Added by Acts 1997, 75th Leg., ch. 1010, Sec. 6.20, eff. Sept. 1,
1997.

Sec. 341.0356.  Order to Stop Operations.

         (a) A public water supply system shall stop operations on
receipt of a written notification of the executive director of
the commission or an order of the commission issued under this
section.

         (b) The executive director or the commission may order a public
water supply system to stop operations if:

                       (1) the system was constructed without the approval required
         by Section 341.035; or

                       (2) the executive director determines that the system
         presents an imminent health hazard.

         (c) A notification or order issued under this section may be
delivered by facsimile, by personal service, or by mail.

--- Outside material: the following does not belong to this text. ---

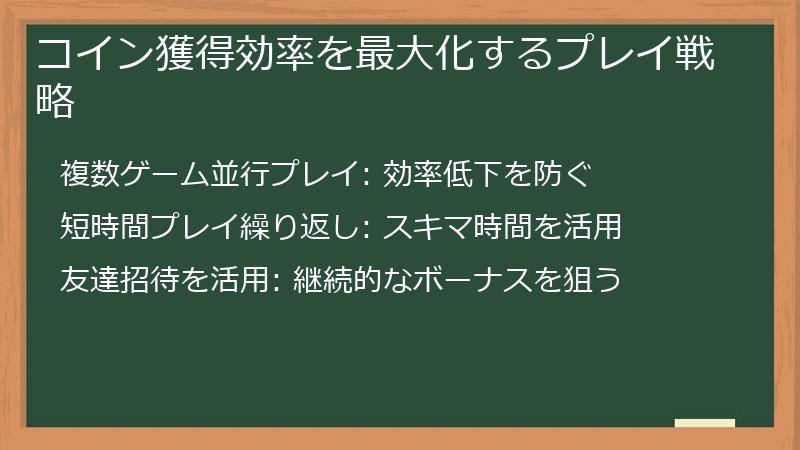 コイン獲得効率を最大化するプレイ戦略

         (d) A water supply system subject to notification or an order
under this section, on written request, is entitled to an
opportunity to be heard by the commissioners at a commission
meeting.

         (e) The public water supply system may not resume operations
until the commission, the executive director, or a court
authorizes the resumption.

Added by Acts 1997, 75th Leg., ch. 1010, Sec. 6.20, eff. Sept. 1,
1997.

Sec. 341.036.  Sanitary Defects at Public Drinking Water Supply Systems.

         (a) A sanitary defect at a public drinking water supply system
that obtains its water supply from underground sources shall be
immediately corrected.

         (b) A public drinking water supply system furnishing drinking
water from underground sources may not be established in a place
subject to possible pollution by floodwaters unless the system is
adequately protected against flooding.

         (c) Suction wells or suction pipes used in a public drinking
water supply system must be constantly protected by practical
safeguards against surface and subsurface pollution.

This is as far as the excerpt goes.